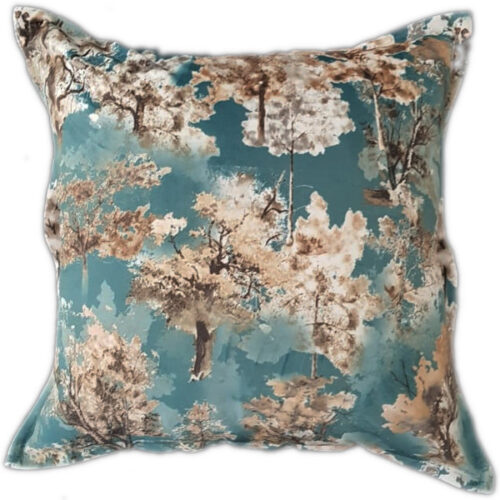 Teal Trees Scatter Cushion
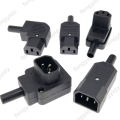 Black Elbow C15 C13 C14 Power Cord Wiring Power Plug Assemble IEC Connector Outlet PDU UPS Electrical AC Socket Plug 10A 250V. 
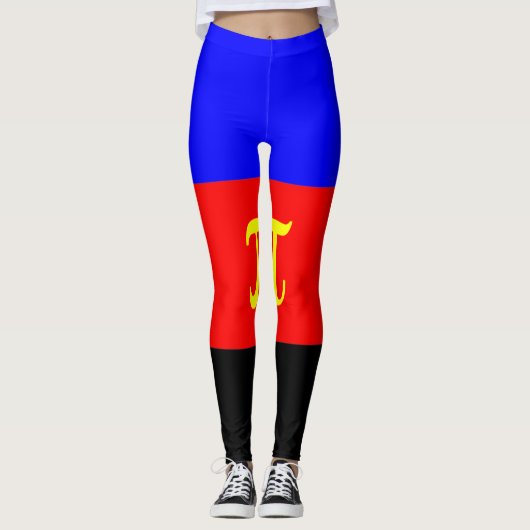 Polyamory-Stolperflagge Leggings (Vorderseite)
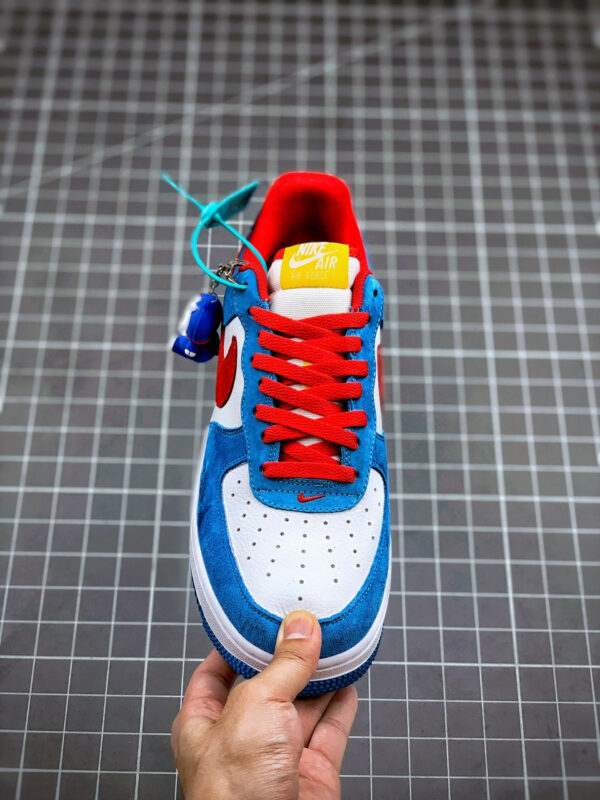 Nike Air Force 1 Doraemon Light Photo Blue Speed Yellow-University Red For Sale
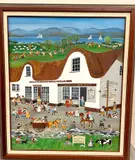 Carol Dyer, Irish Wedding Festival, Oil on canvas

# Task requirements:
The records above are to be transcribed word for word. Skip the images.

# Task solution:
 Teal Trees Scatter Cushion
 Black Elbow C15 C13 C14 Power Cord Wiring Power Plug Assemble IEC Connector Outlet PDU UPS Electrical AC Socket Plug 10A 250V. 
 Polyamory-Stolperflagge Leggings (Vorderseite)
 Nike Air Force 1 Doraemon Light Photo Blue Speed Yellow-University Red For Sale
 Carol Dyer, Irish Wedding Festival, Oil on canvas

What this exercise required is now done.